Приходилось те немецкие резервы, которые как-либо еще можно было создать на всех других фронтах, не подвергая угрозе сами эти фронты, возможно быстрее бросать в Галицию и Волынь, чтобы остановить русских там, где они были наиболее грозны, и поддержать австро-венгерские линии, где они казались наиболее ломкими. Только при таком образе действий можно было ожидать, что еще удастся восстановить не вполне расстроенные части союзной армии. Для плодотворной общей работы только этим способом можно было исправить уже значительно проявившийся беспорядок тыловой связи на южной половине Восточного фронта, которым угрожал сделать бесполезными все попытки к восстановлению положения.

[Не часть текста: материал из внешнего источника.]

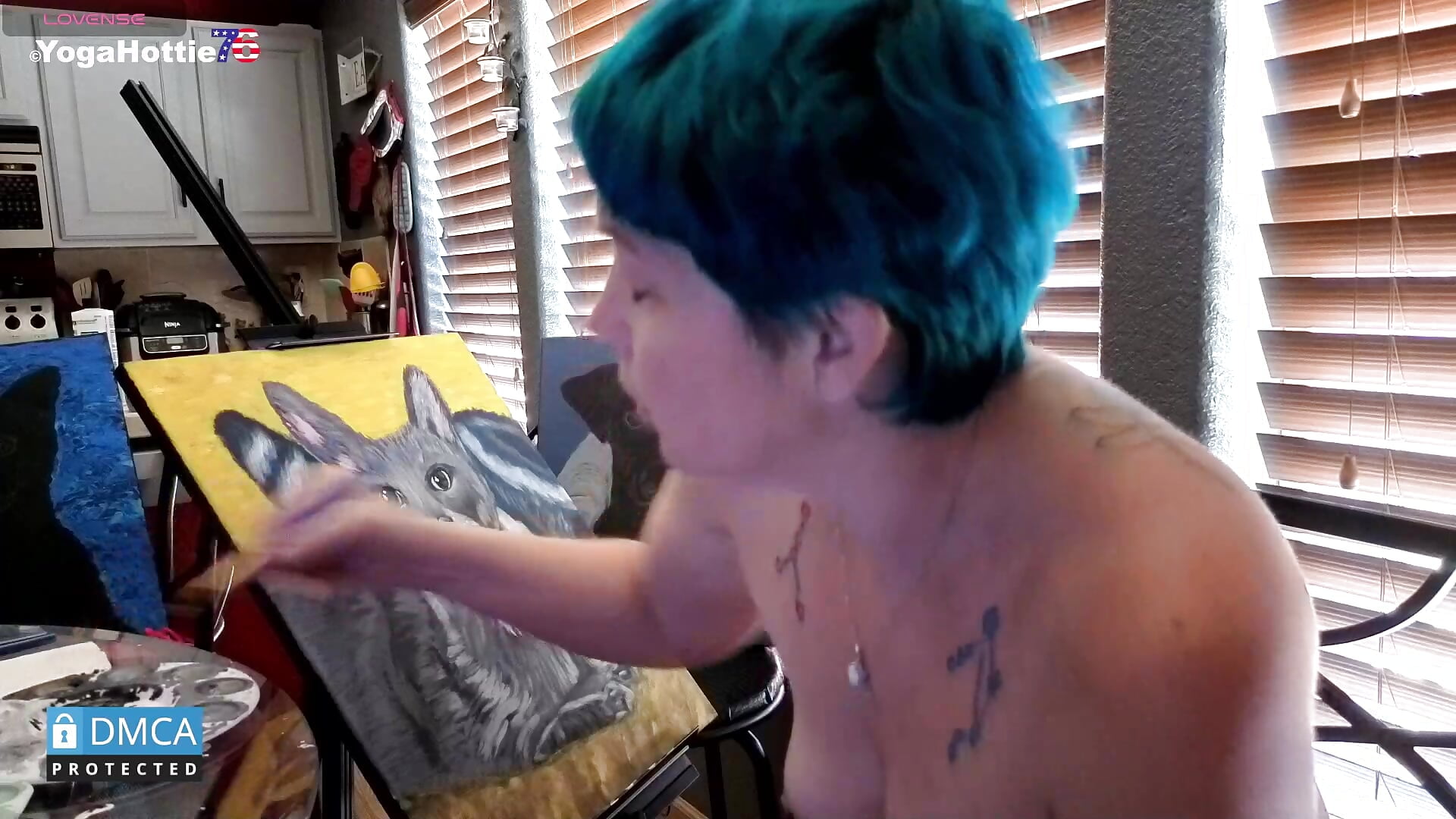 Painting topless – video od webkamerové modelky YogaHottie76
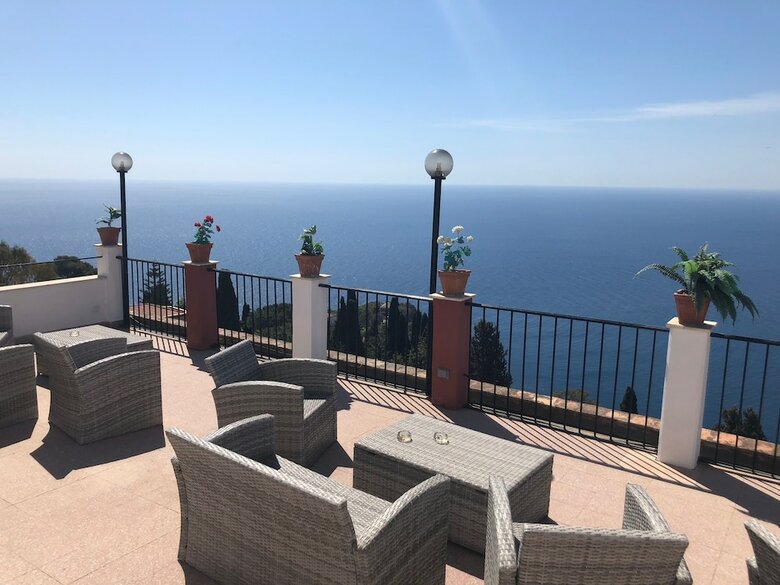 Hotel Elios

Конечно, положение на Западном фронте уже и при таком скромном заимствовании резервов делалось значительно менее благоприятным.
[200]
От мысли сильным контрударом задушить в зародыше находившееся в процессе подготовки английское отвлекающее наступление приходилось отказаться. Подготовленные для этого общие резервы людей и снаряжения были, благодаря отдачам на восток, значительно ослаблены. Но позволительно было надеяться на то, что храбрым войскам запада и без этой помощи удастся пережить надвигающуюся грозу. И в области Мааса можно было, благодаря общему плану операции, держать события в таких рамках, в которых сообразно с количеством имеющихся в распоряжении сил пока и хотели их держать.